We also showed that children in both demo conditions built on average taller towers than children in the baseline, suggesting that children were able to pick up task-relevant information from the demonstration of the culture-dependent product and to improve their performance. This is in line with a recent study on adult social learning showing that access to social information can boost a learner’s performance13. Yet, even though towers in the demo conditions were on average taller than baseline towers, there was some overlap in tower height between the conditions. In contrast, with regard to tower design, there was a clear difference between the baseline and the demo conditions: there were no tripods built by any child in the baseline. Thus, the difference between baseline and demo conditions with regard to tower height was less dramatic than the difference with regard to tower design.

We found that some children (including 4-year-olds) in both demo conditions copied the specific and efficient shape of the tripod (three legs), even though they were not instructed to do so. Ratings by independent coders confirmed that the towers in the demo conditions were more similar to the demonstrated tripod than were the towers in the baseline. Thus, our study demonstrates for the first time that 4- to 6-year-old children are not only able to use social and technical information to improve their performance, but that some of these children also spontaneously copy an efficient cumulative technological design. Note that we do not claim the ability to copy tripods to be present in all children of this age (though it may be – given that we did not tell children to copy the tripod, but just asked them to make something as tall as possible). As children did not receive an explicit instruction or incentive to copy the tripod, our study was a conservative test of whether children can copy cumulative technological design and so it was even more impressive to find that some children indeed copied the tripod.

Intriguingly, children in the endstate-only demo condition did not perform differently from children in the full demo condition. Despite lacking information about the building process of the tripod, some children in the endstate-only demo condition still copied the tripod, suggesting that they were able to recreate the tripod via end-state emulation: That is, children were able to identify the necessary building steps from looking at the tripod and to recreate it through reverse engineering. This is evidence that 4- to 6-year-olds do not necessarily require action information to be able to copy cumulative technological design (i.e., technological culture that is beyond their own spontaneous abilities). Rather, children were able to use emulation as a social learning mechanism to copy the cumulative technological design in our task; imitation of the actions involved proved not necessary.

Even though children were not instructed to copy the tripod, it is worth considering that despite receiving action or end-state demonstrations, only a few children actually reproduced the tripod. A number of factors might explain this result. First, some children might have lacked the motivation to copy. After all, there was no direct incentive for copying the tripod (other than it being tall, of course). In addition, the task was not set in a competitive context, so children might have preferred to not copy, but to realize their own ideas and/or explore the materials.
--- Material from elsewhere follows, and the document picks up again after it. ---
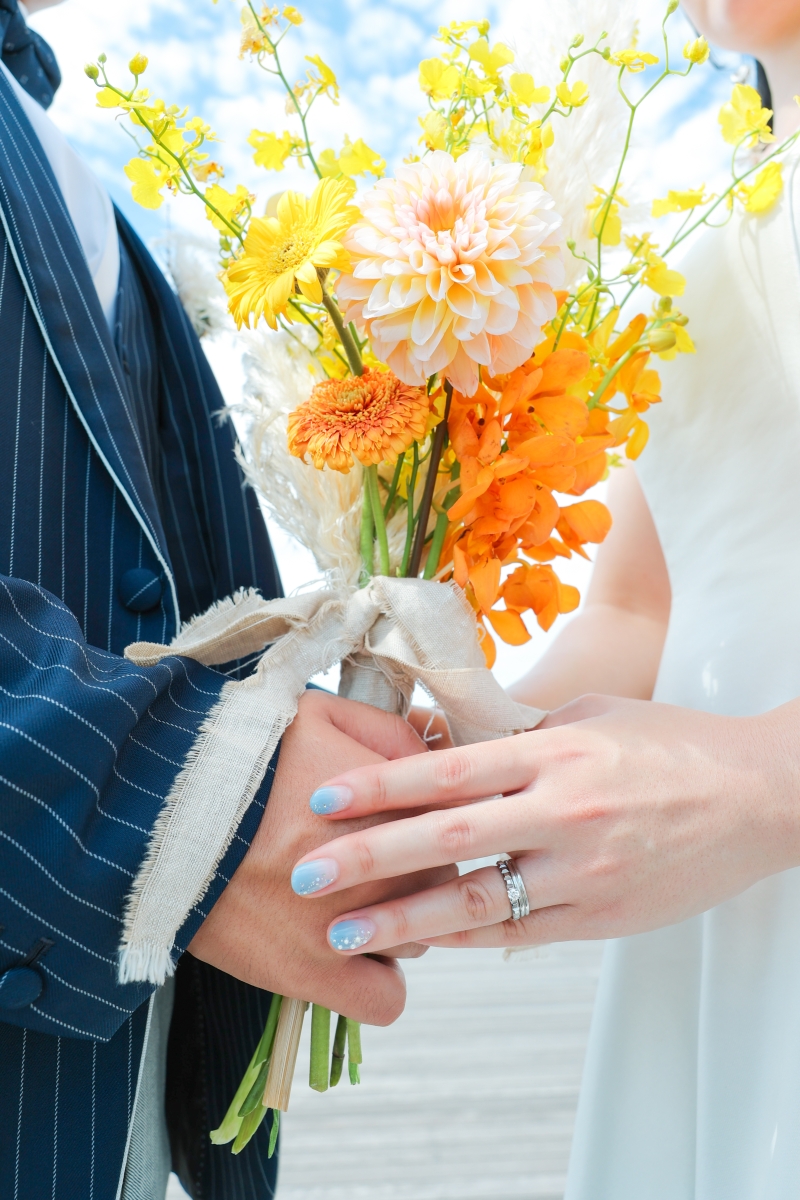 青空に映えるシトラスカラー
For example, we had a couple of children who – upon receiving the demonstration – acknowledged that the tripod was “a good tower”, but then went on making something completely different; in particular, one boy said at this point: “Oh, this is good, but I will make something else”. Still developing fine motor abilities at this age probably also contributed to the fact that only few children copied the tripod. Finally, difficulties in causal reasoning and insight into the mechanics of the construction task might also have played a role for children’s low copying rates. In general, children did not yet have a full understanding of the basic physics involved in the task, as several children used only little plasticine for the stand and/or too much for the joints further up. With regard to the ability to copy the tripod, it has been shown that 5-year-olds have difficulty using diagonals when building towers and that this is due to a still developing ability to combine two axes of a coordinate system61, 62. Given this difficulty, some of our participants might have failed to explicitly recognize the tripod legs as an especially stable tower base. Despite these limiting factors for children’s performance, we still found that children were able to pick up useful knowledge and strategies from the demonstrations, resulting in them making taller towers than the baseline children – and some did indeed successfully copy the tripod design.

One might object that the absence of the tripod in the baseline condition does not necessarily mean that the tripod represents a culture-dependent trait for 4- to 6-year-old children. It might be possible that even though the tripod did not occur in the baseline, it is still within children’s spontaneous abilities, but that environmental and/or motivational reasons prevented children from showing their “true capacities” (building a tripod). We think this is unlikely because 1) children were sufficiently motivated to do the task (they were aware that they could win a sticker; the vast majority of children used the full building time; we encouraged children throughout the task to make their construction “even taller”), 2) they had sufficient material at their disposal, and 3) the finding that children in the baseline condition did not spontaneously build a tripod was confirmed by two independent studies (Pilot study 2 in the Supplementary material and the study presented here). In addition, children’s limited knowledge about the physics involved in the task (see above) makes it further unlikely that children could invent the tripod on their own.

However, one might also argue that the fact that children in the baseline condition did not build a tripod is due to the specific instructions we gave: We merely asked children to build “something tall”, and so might have increased children’s awareness of the height aspect only without also directly addressing the importance of the shape aspect. So given different instructions (e.g., to build “something tall and sturdy”), one might expect some baseline children to actually make tripods. However, we would not expect this to happen as in our view the instruction to build something tall does not deemphasize the shape aspect. This is because height and shape are closely connected: When aiming to build a tall construction, one almost automatically needs to take the shape aspect into consideration, as some shapes will be more suitable for building a tall tower than others. Nevertheless, we acknowledge that we currently do not know how baseline children would perform if given different instructions. Future studies are needed to address this question. However, the current study was not designed to answer questions related to the instructions, but to test children’s capacity of making a tripod given an instruction to make something tall and given the presence or absence of a tripod demonstration.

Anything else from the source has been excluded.